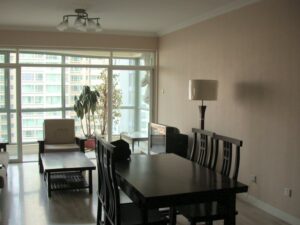 Apartment interior at Seasons Park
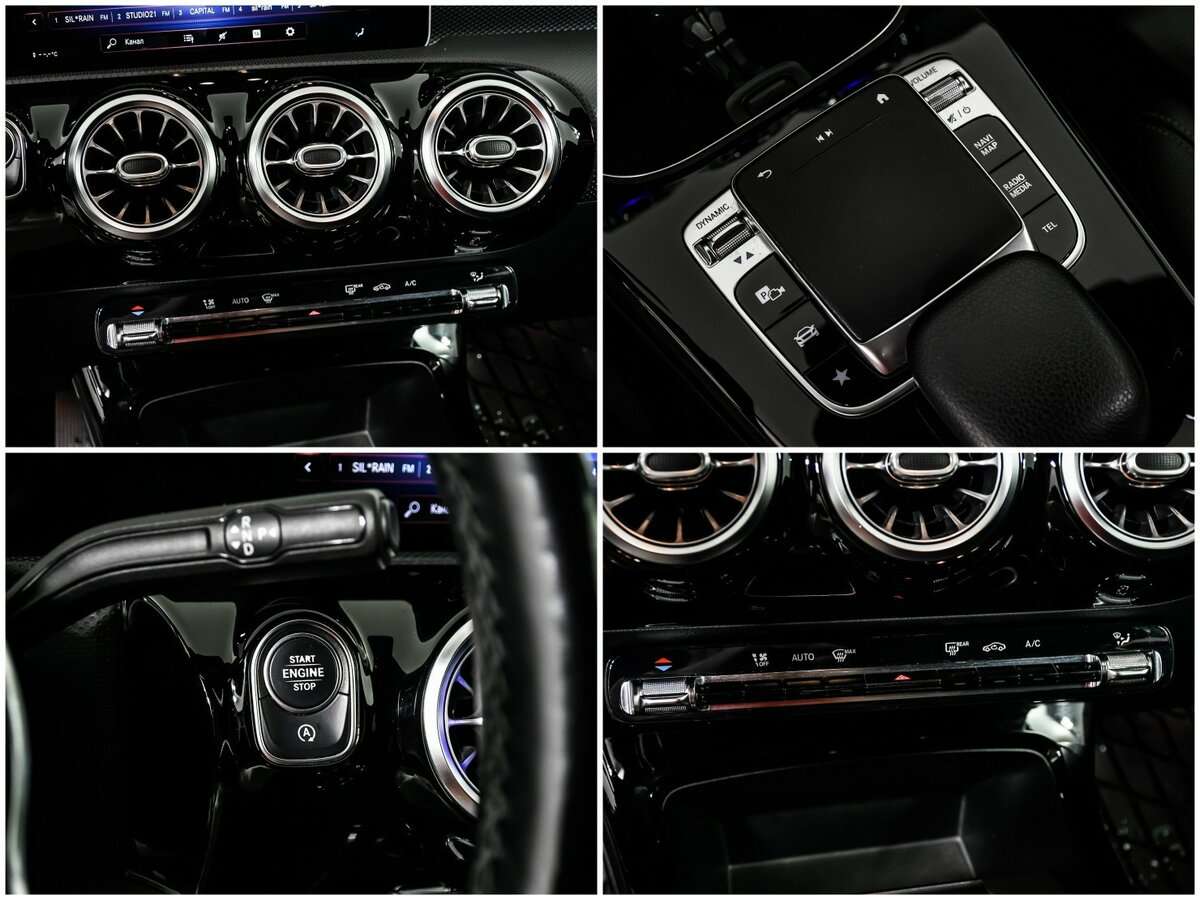 Mercedes-Benz A-Класс с пробегом — 2018 год. Фото: #14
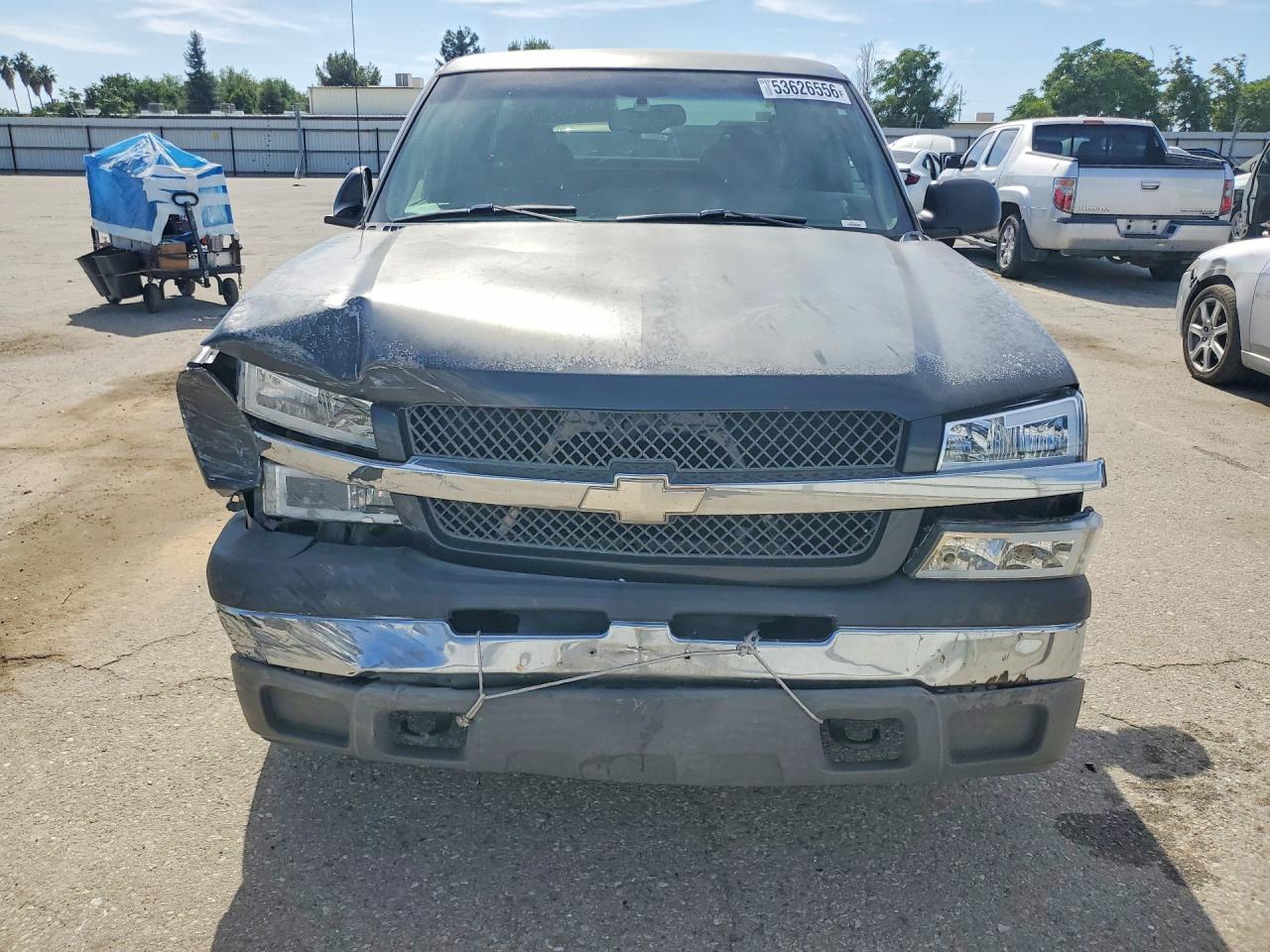 2003 CHEVROLET SILVERADO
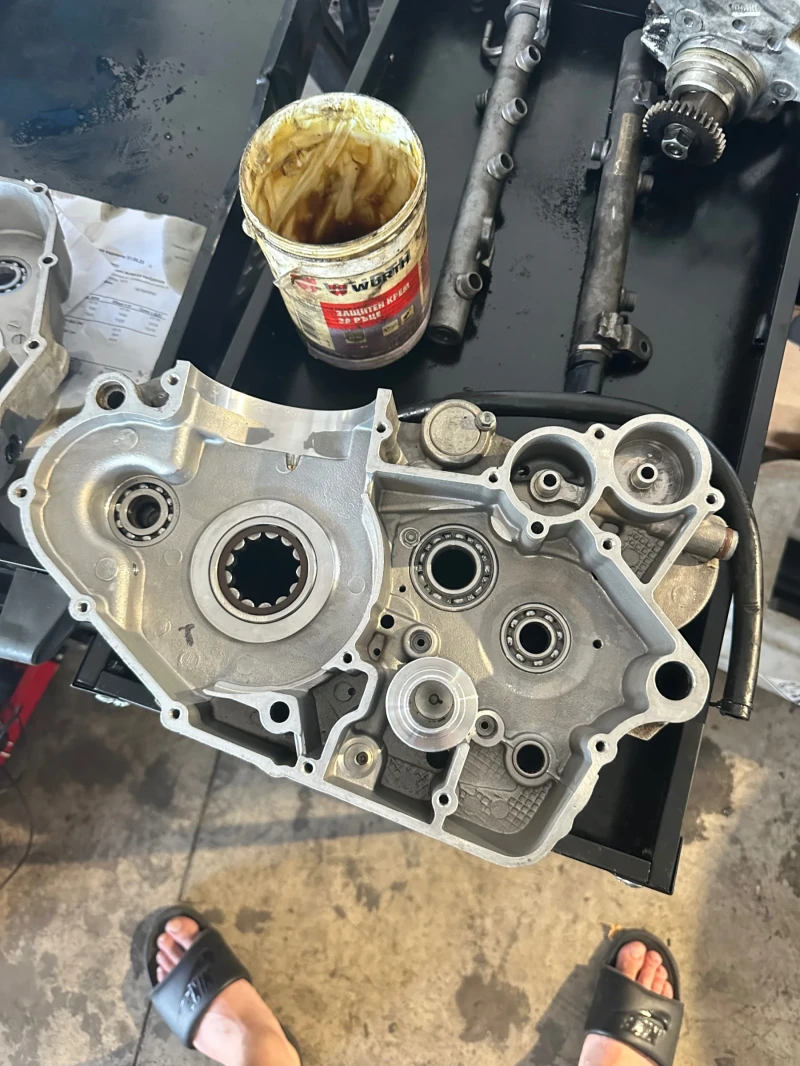 Ktm SMR 560cc А2 категория, снимка 13 - Мотоциклети и мототехника - 51466528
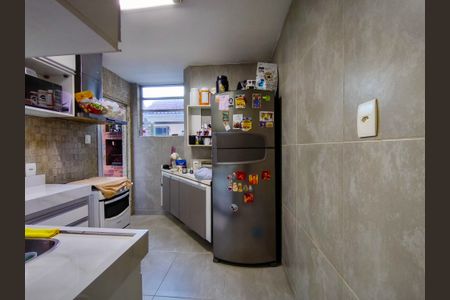 Apartamento à venda com 108m², 3 quartos e sem vagaCozinha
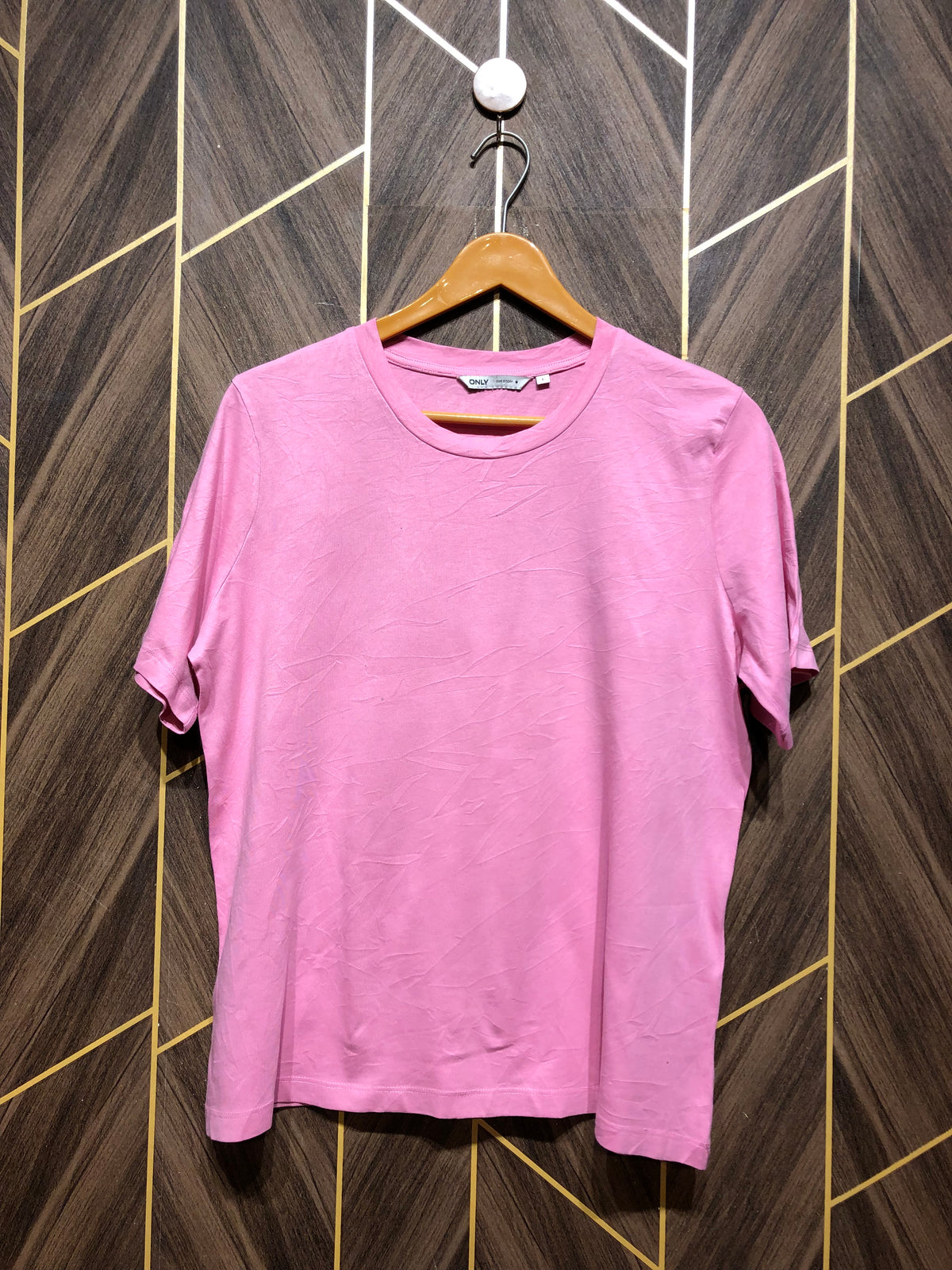 T-Shirt Jersey X Large Baggy Size Length 28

-*-*-

# Activity
Please print exactly the lines from the one holding "Ktm SMR 560cc" through the final line of the data above, including both, and skip all pictures.

# Solution below
 Ktm SMR 560cc А2 категория, снимка 13 - Мотоциклети и мототехника - 51466528
 Apartamento à venda com 108m², 3 quartos e sem vagaCozinha
 T-Shirt Jersey X Large Baggy Size Length 28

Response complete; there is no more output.